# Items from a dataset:
>>>
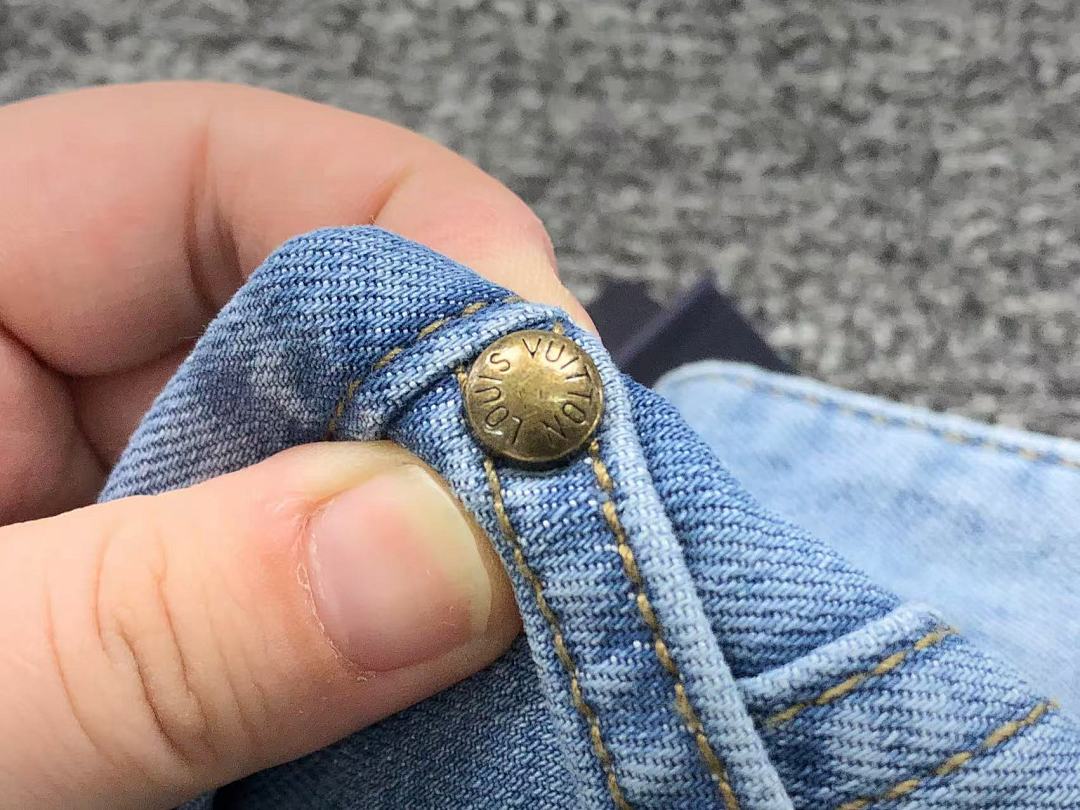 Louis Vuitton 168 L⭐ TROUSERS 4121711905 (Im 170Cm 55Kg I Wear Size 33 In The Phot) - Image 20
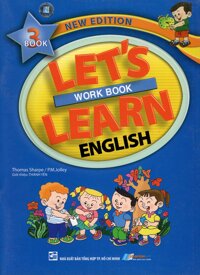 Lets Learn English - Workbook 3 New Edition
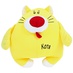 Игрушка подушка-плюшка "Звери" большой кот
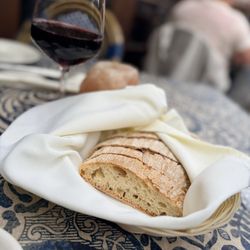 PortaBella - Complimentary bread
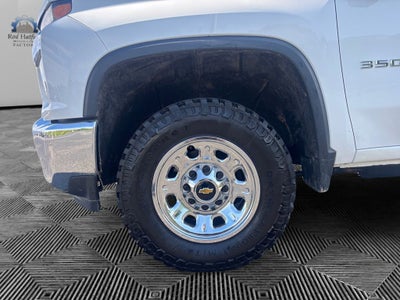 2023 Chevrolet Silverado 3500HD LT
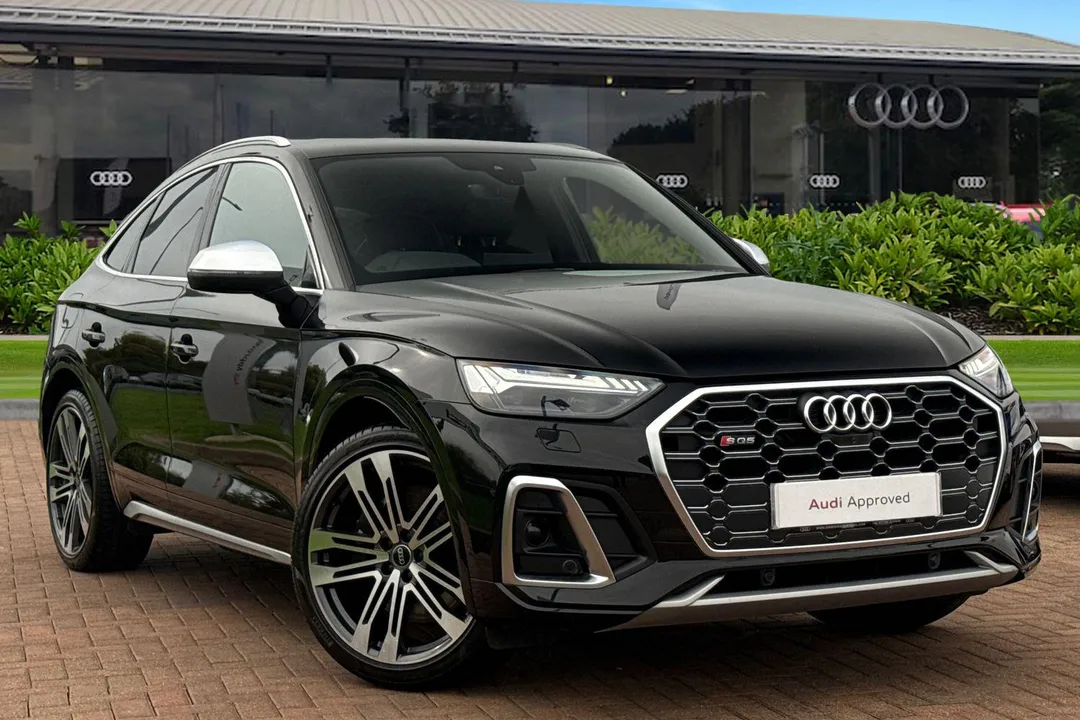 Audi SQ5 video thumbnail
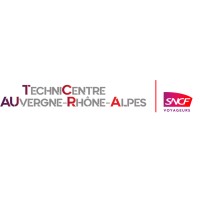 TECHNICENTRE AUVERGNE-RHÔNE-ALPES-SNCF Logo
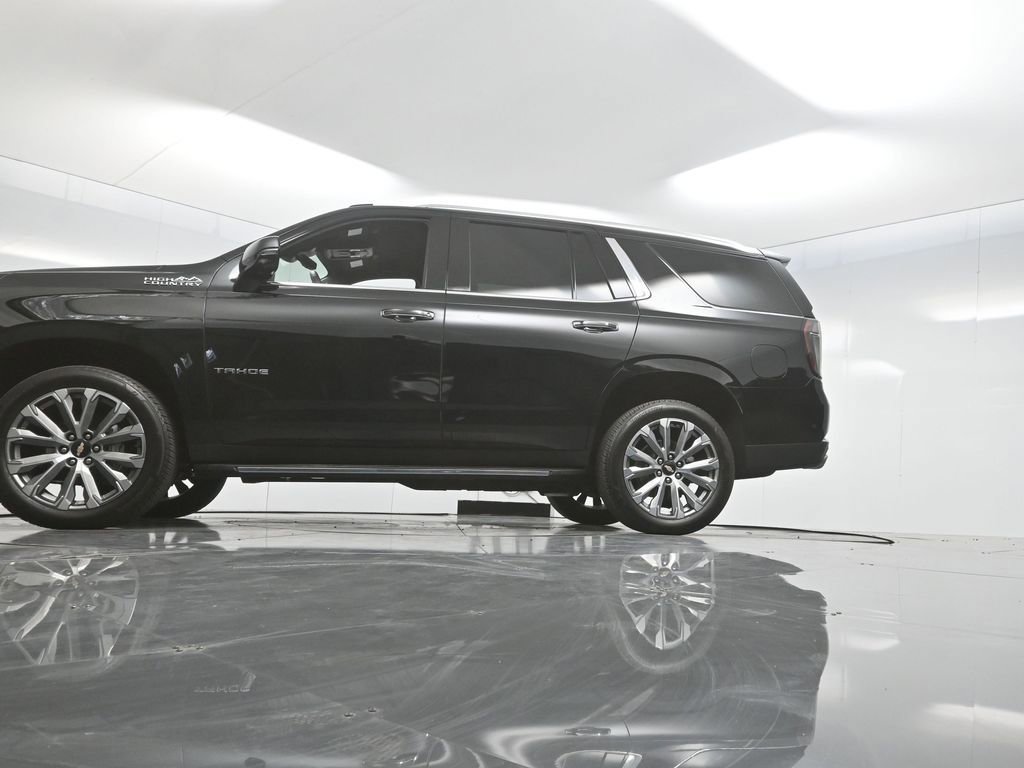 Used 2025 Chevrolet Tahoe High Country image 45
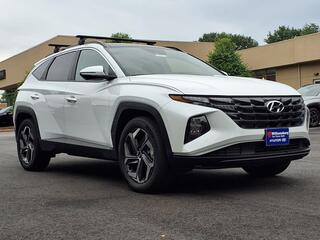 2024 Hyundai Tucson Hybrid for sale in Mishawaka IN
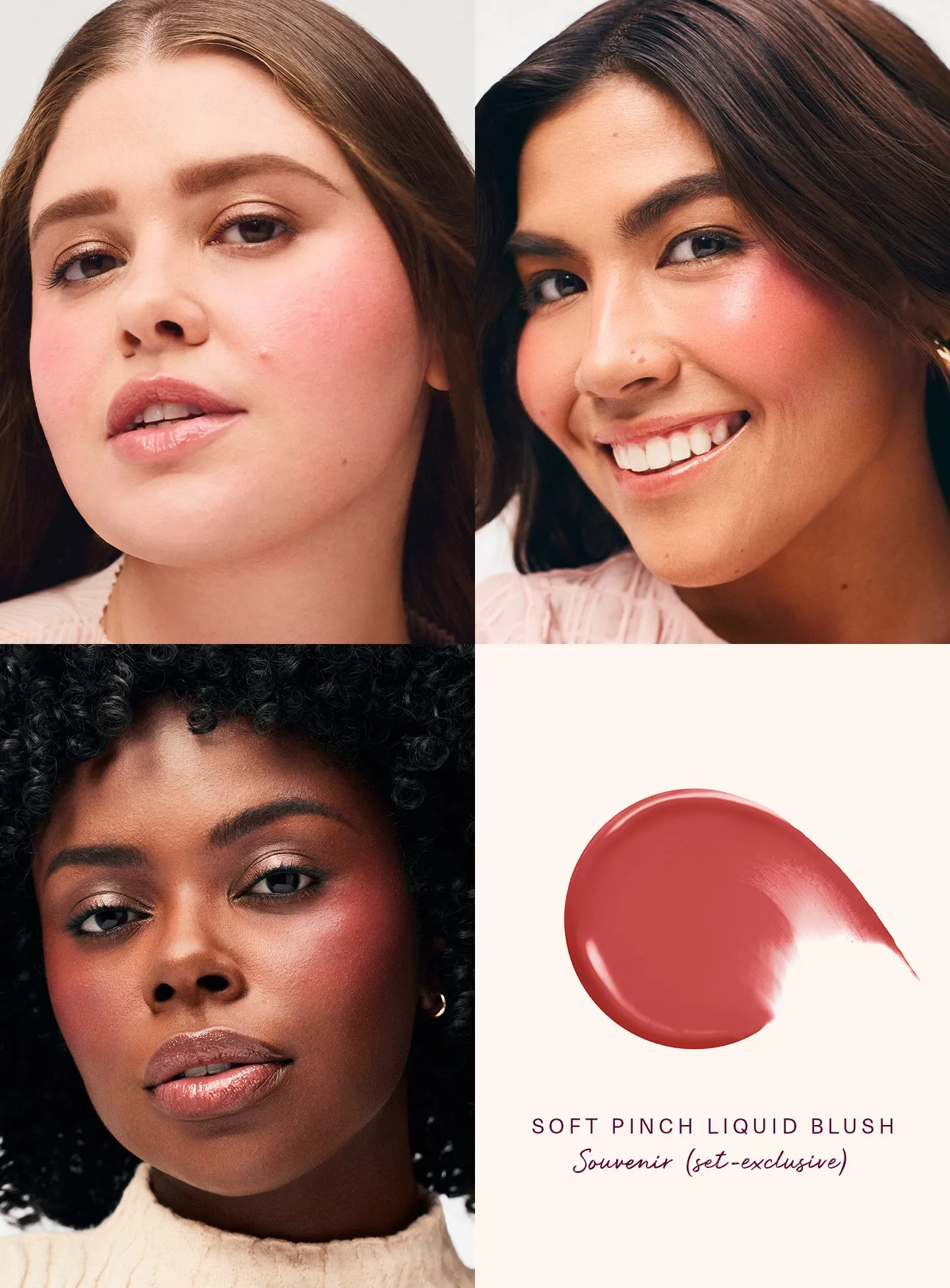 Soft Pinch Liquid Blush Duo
<<<
# BRIEF:
Restate the records above in full and word for word, but do not carry over any pictures.

# SOLUTION:
 Louis Vuitton 168 L⭐ TROUSERS 4121711905 (Im 170Cm 55Kg I Wear Size 33 In The Phot) - Image 20
 Lets Learn English - Workbook 3 New Edition
 Игрушка подушка-плюшка "Звери" большой кот
 PortaBella - Complimentary bread
 2023 Chevrolet Silverado 3500HD LT
 Audi SQ5 video thumbnail
 TECHNICENTRE AUVERGNE-RHÔNE-ALPES-SNCF Logo
 Used 2025 Chevrolet Tahoe High Country image 45
 2024 Hyundai Tucson Hybrid for sale in Mishawaka IN
 Soft Pinch Liquid Blush Duo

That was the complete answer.